The secretary clearly outlined his plan in 2004. “If we would be able to help improve [existing Filipino] SMEs’ productivity level, its impact on our country would be tremendous. The country could generate over 800,000 new jobs if each SME would add one employee. If we had spent as much time helping Filipino business in the last years as we did attracting foreigners, we really might have created jobs.”

To create just these 800,000, 200,000 high-paying and 600,000 standard wage in the SME sector would cost some P230 billion.

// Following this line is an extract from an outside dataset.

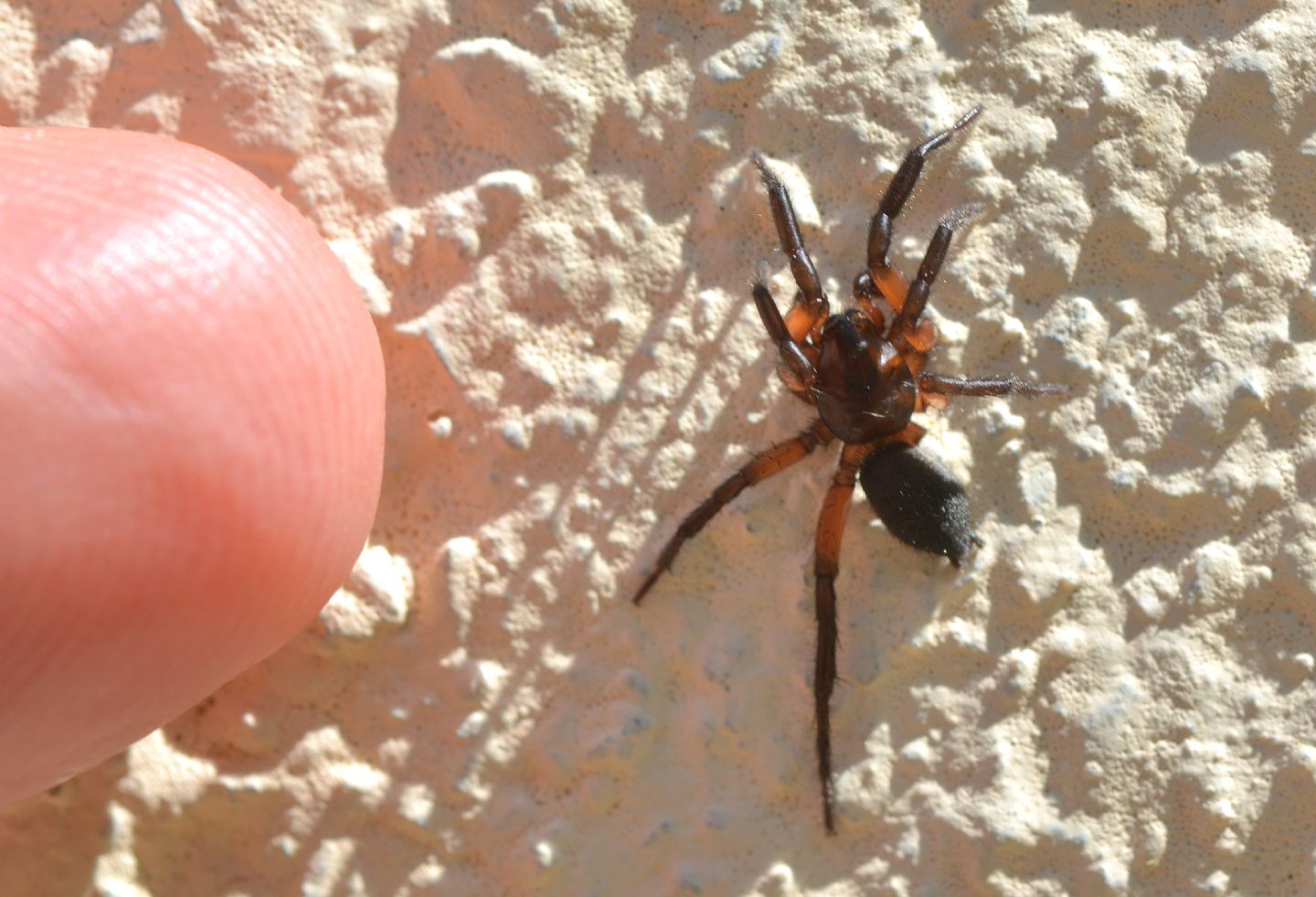 Gnaphosa bicolor - Bannio Anzino (VCO)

And 800,000 new jobs would have a significant impact on the economy and poverty.

The government’s typical response is to ask where the money is going to come from to fund a job-creation program.

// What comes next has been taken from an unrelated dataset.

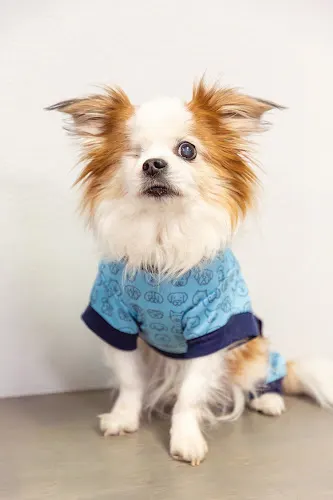 Best Friends Animal Hospital and Pet Hotel - Image 1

The government spent over P20 billion on the Conditional Cash-Transfer Program last year and that amount would have nearly funded the 600,000 standard-wage jobs.

The difference between the projected budget deficit and what was actually spent was P100 billion, which could have been used to create jobs. Had the government increased the 2011 annual budget by only 6 percent, Secretary Purisima’s job-creation program would have been fully funded and 800,000 more Filipinos would have jobs today.

It is a simple exercise to discover how much added revenue would have gone to the government from those added jobs and how much larger and faster the nation’s economy would have grown.

Jobs require investment in sustainable business, not handouts. The government can be the largest source of investment capital in the country. However, it takes a long-term vision, as Secretary Purisima explained, and it takes the desire to make the government a meaningful engine of economic prosperity.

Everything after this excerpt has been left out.